What you will do → Repeat only the lines below that run from the line with "The SAILOR TANK" to the line with "Lafonten 110 Bebe", ends included; skip every picture.

Data records →

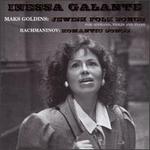 Mak Goldins: Jewish Folk Songs; Rachmaninov: Romantic Songs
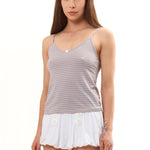 The SAILOR TANK TOP available online with global shipping, and in PAM Stores Melbourne and Sydney.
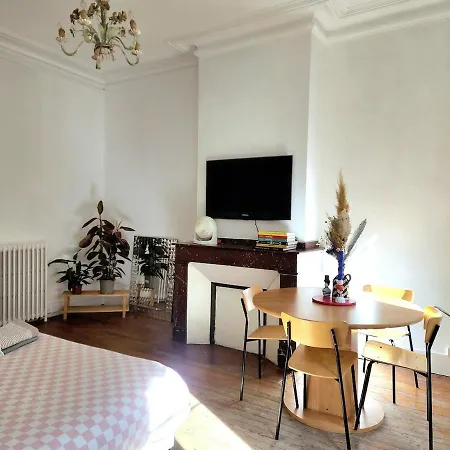 Zen Rustic & Private Backyard Center Appartement Toulouse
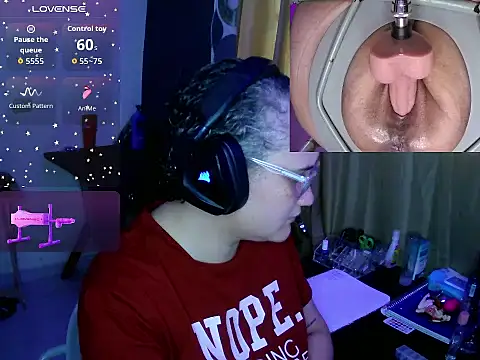 lolalicious 7583 online show from March 3, 2026, 8:48 pm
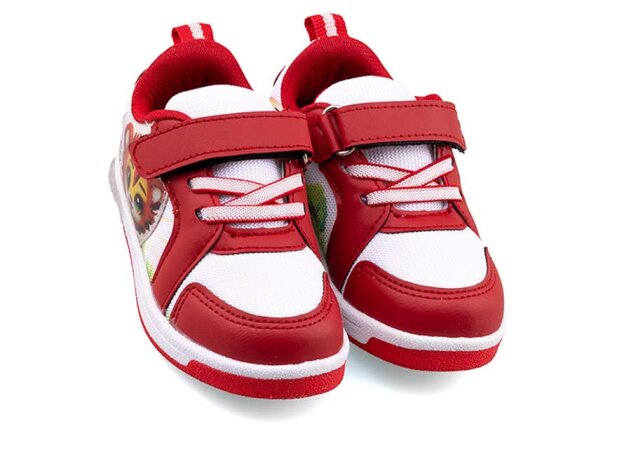 Lafonten 110 Bebe Anrk Işıklı - Kırmızı/Beyaz - 2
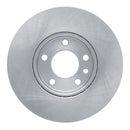 DFC 10-24 Volkswagen Transporter (Mexico) Front Brake Rotor
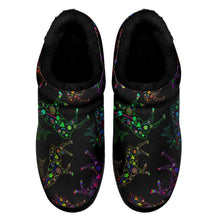 Load image into Gallery viewer, Floral Elk Ikinnii Indoor Slipper 49 Dzine 
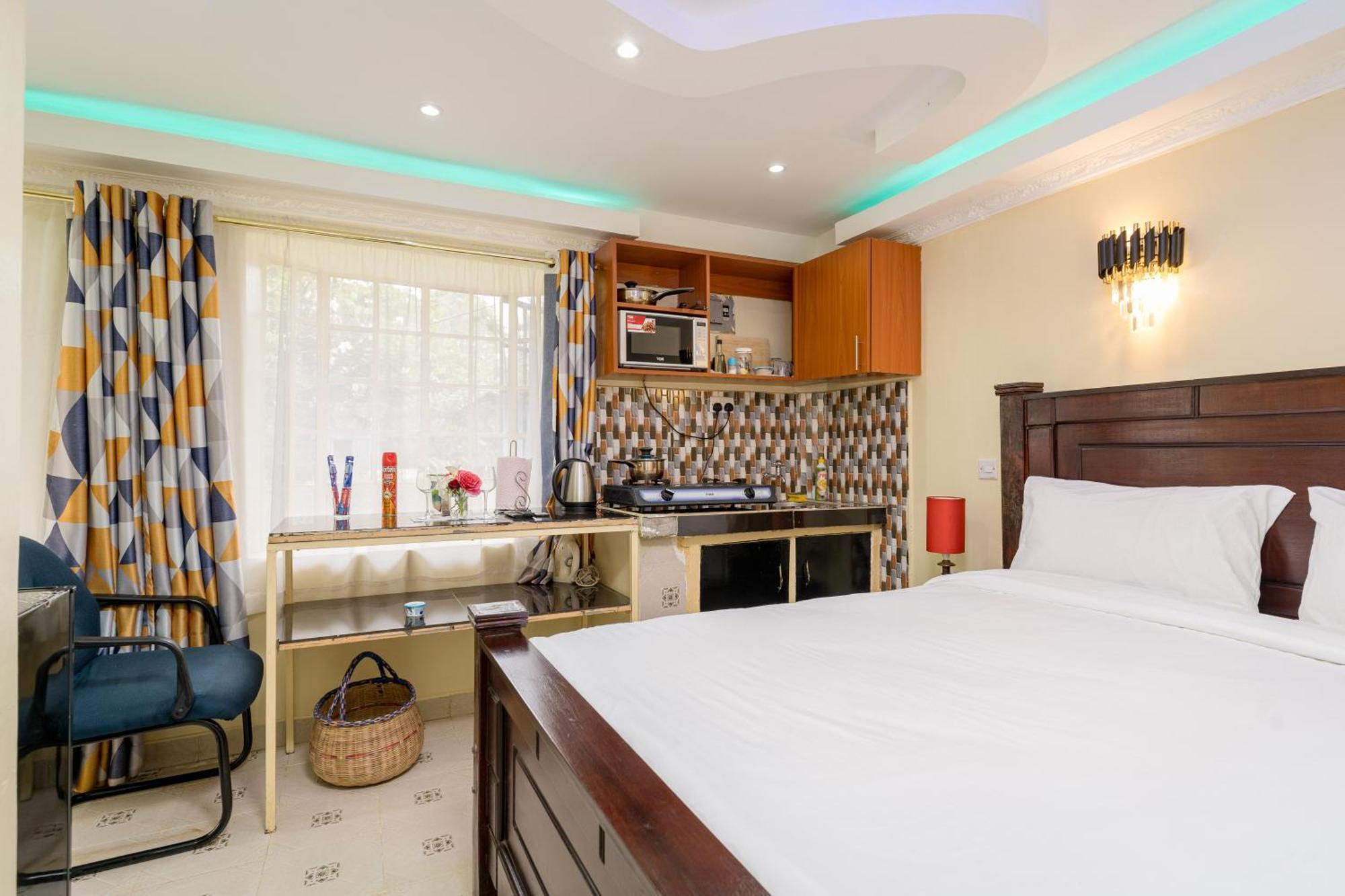 Guest house East Of Eden *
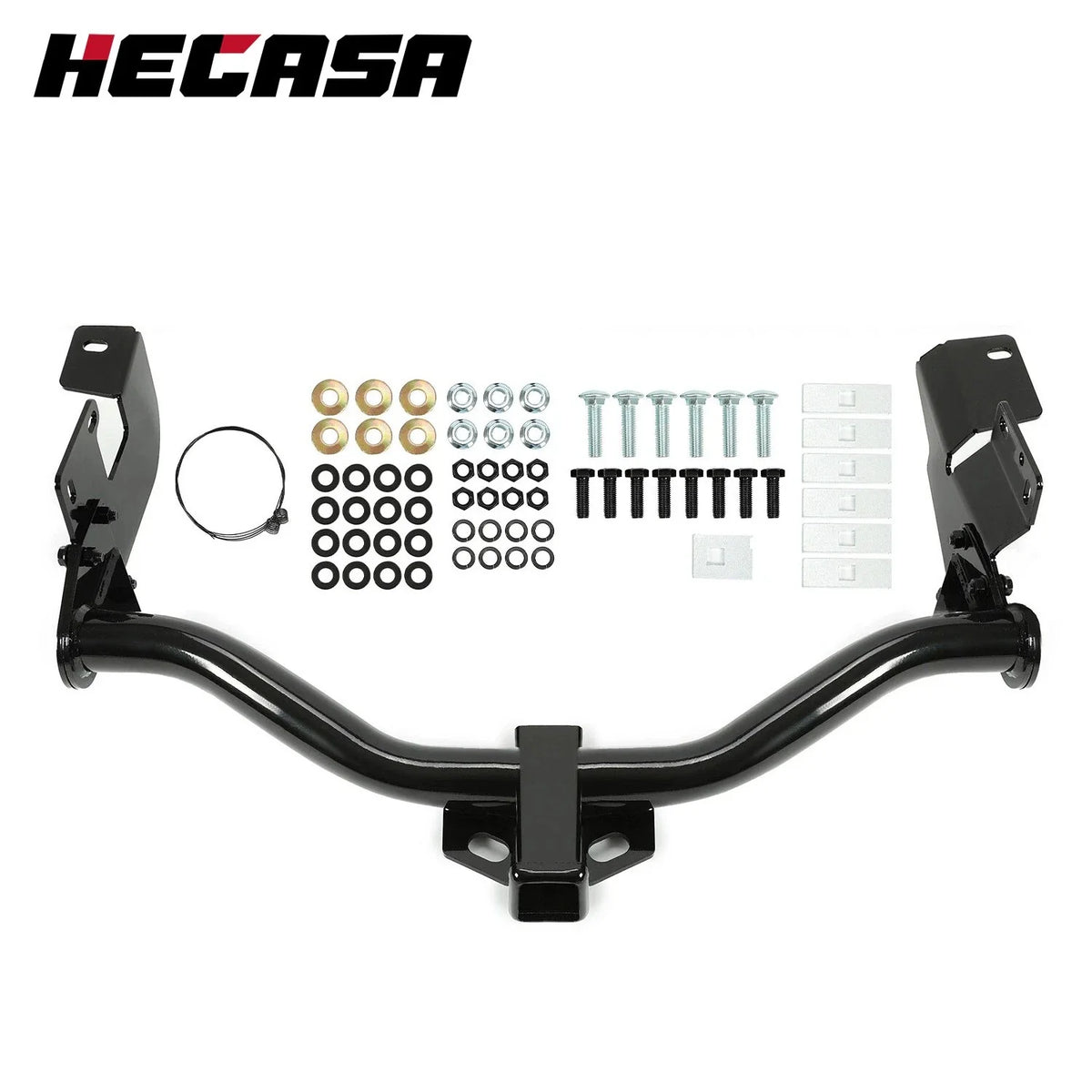 Class 3 Trailer Hitch Receiver 2" for Ford Escape (2005-2012)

Answer to this problem →
 The SAILOR TANK TOP available online with global shipping, and in PAM Stores Melbourne and Sydney.
 Zen Rustic & Private Backyard Center Appartement Toulouse
 lolalicious 7583 online show from March 3, 2026, 8:48 pm
 Lafonten 110 Bebe Anrk Işıklı - Kırmızı/Beyaz - 2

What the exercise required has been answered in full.